START Source material
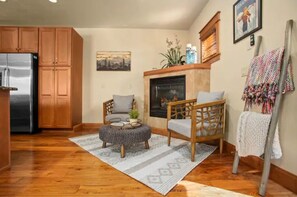 Cozy living area with a modern kitchen, comfortable seating, and a fireplace.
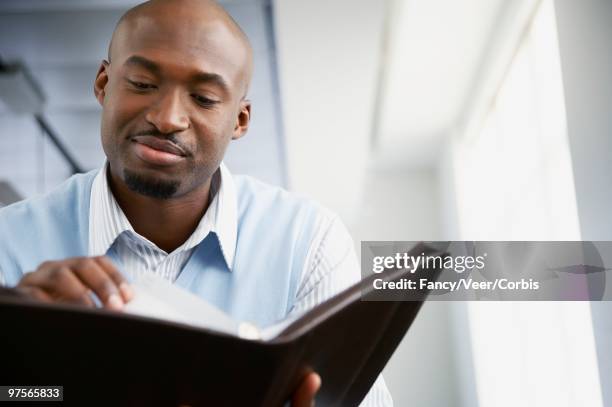 businessman looking at appointment book - imagem super exposta - fotografias e filmes do acervo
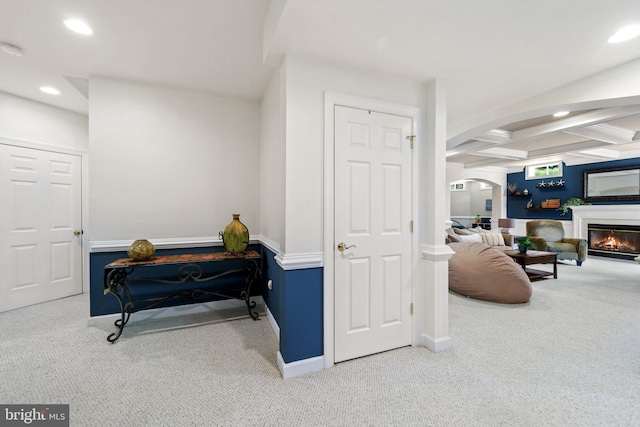 living area with coffered ceiling, carpet floors, and beamed ceiling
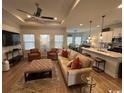 Open concept living area with modern finishes, recessed lighting, and plenty of windows at 2441 Capri Court, Conway, SC 29527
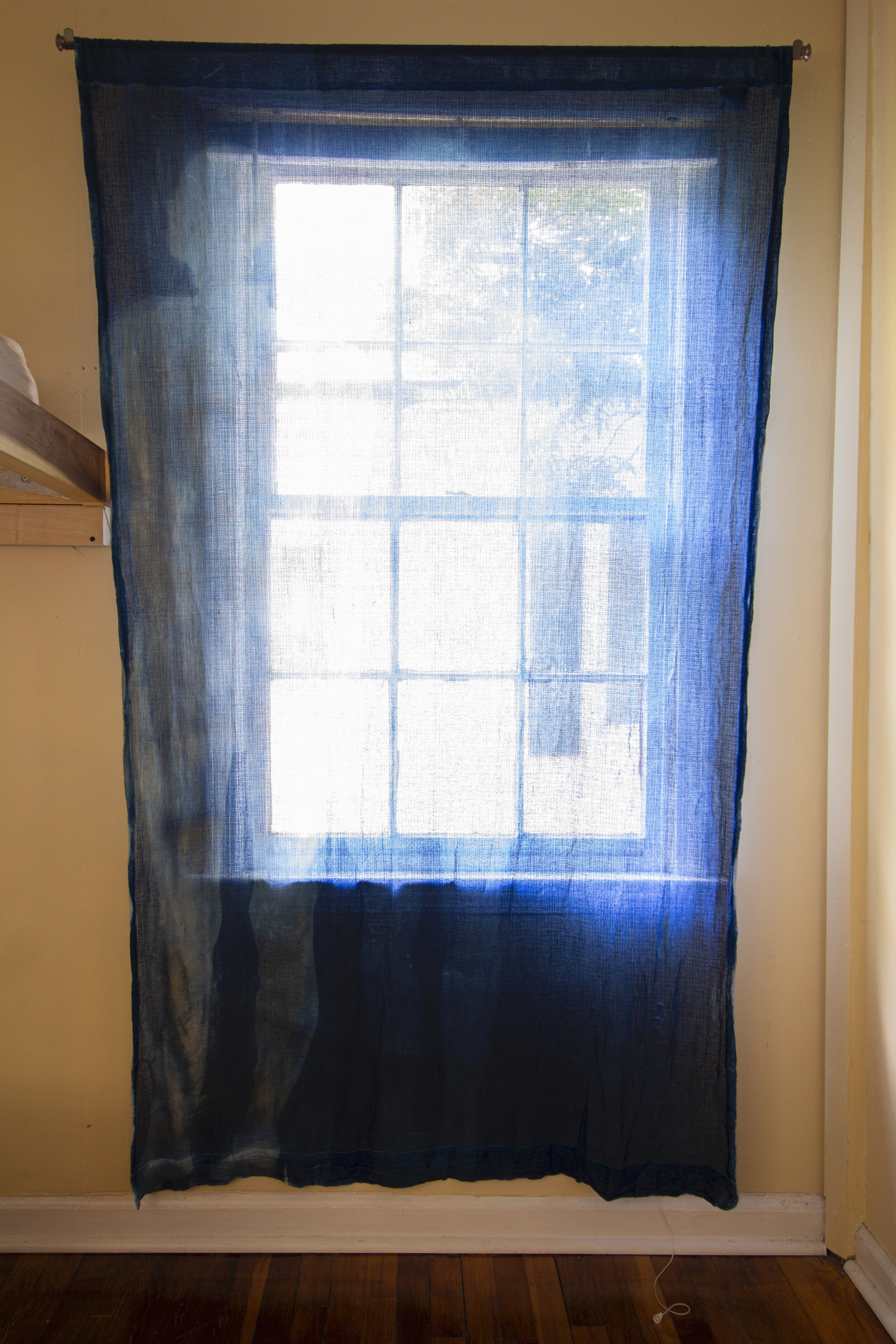  Unfolding [midday], 2020, cotton curtain, cyanotype solution, curtain rod, and hardware, 55 x 84 inches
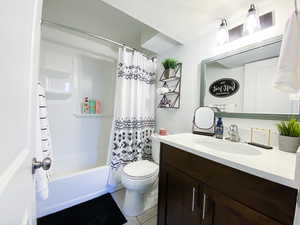 Downstairs Full bathroom featuring tile patterned floors, shower / bath combo with shower curtain, vanity, and toilet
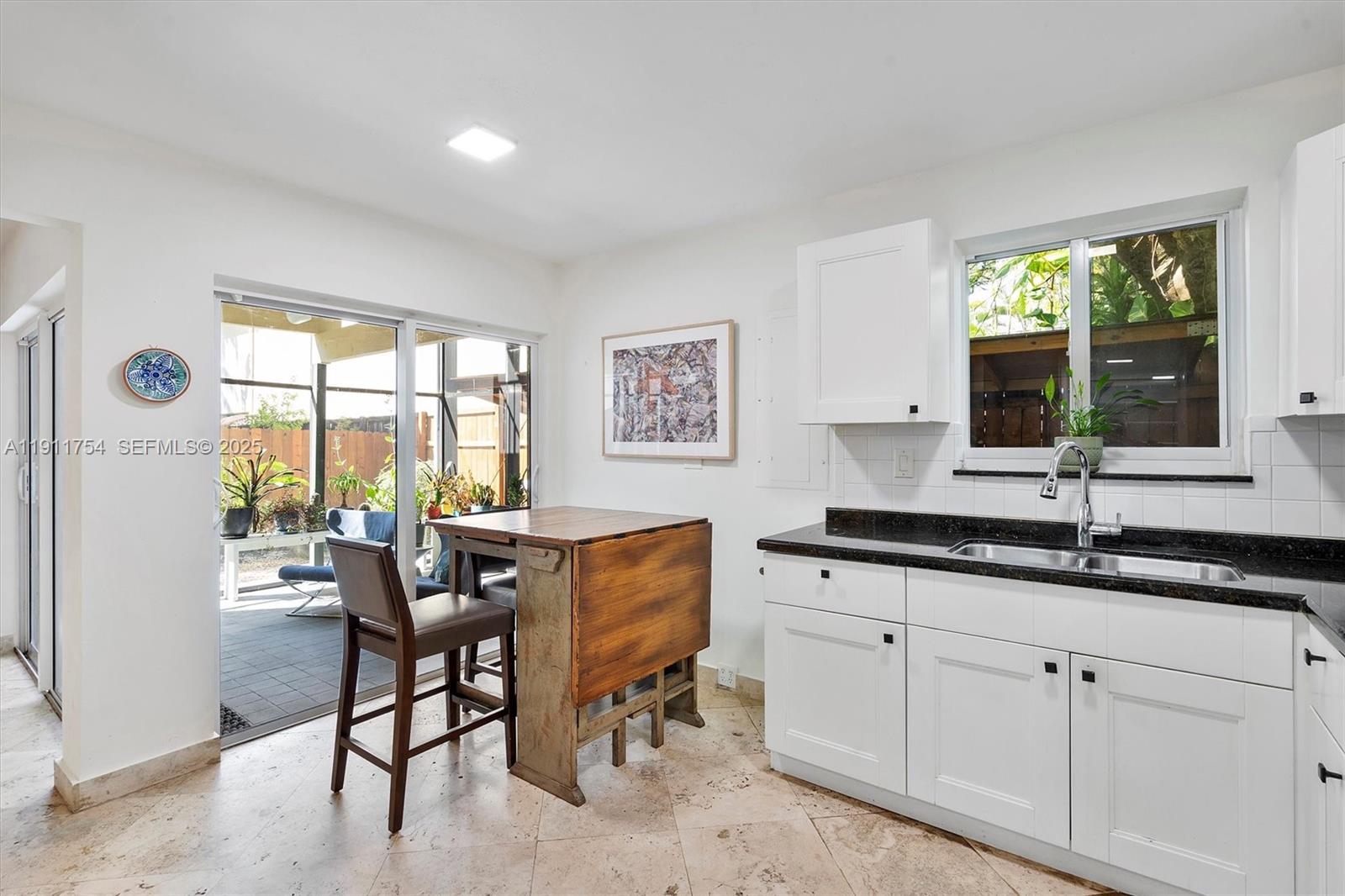 3235 McDonald Street, Unit 5 Miami, FL 33133 - Photo 13 of 35 a kitchen with granite countertop white cabinets and window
END Source material
#### Exercise aim
Can the lines from the one with "Open concept living" to the end of the records above be quoted exactly, both ends included, with every picture omitted?

#### Task response
 Open concept living area with modern finishes, recessed lighting, and plenty of windows at 2441 Capri Court, Conway, SC 29527
  Unfolding [midday], 2020, cotton curtain, cyanotype solution, curtain rod, and hardware, 55 x 84 inches
 Downstairs Full bathroom featuring tile patterned floors, shower / bath combo with shower curtain, vanity, and toilet
 3235 McDonald Street, Unit 5 Miami, FL 33133 - Photo 13 of 35 a kitchen with granite countertop white cabinets and window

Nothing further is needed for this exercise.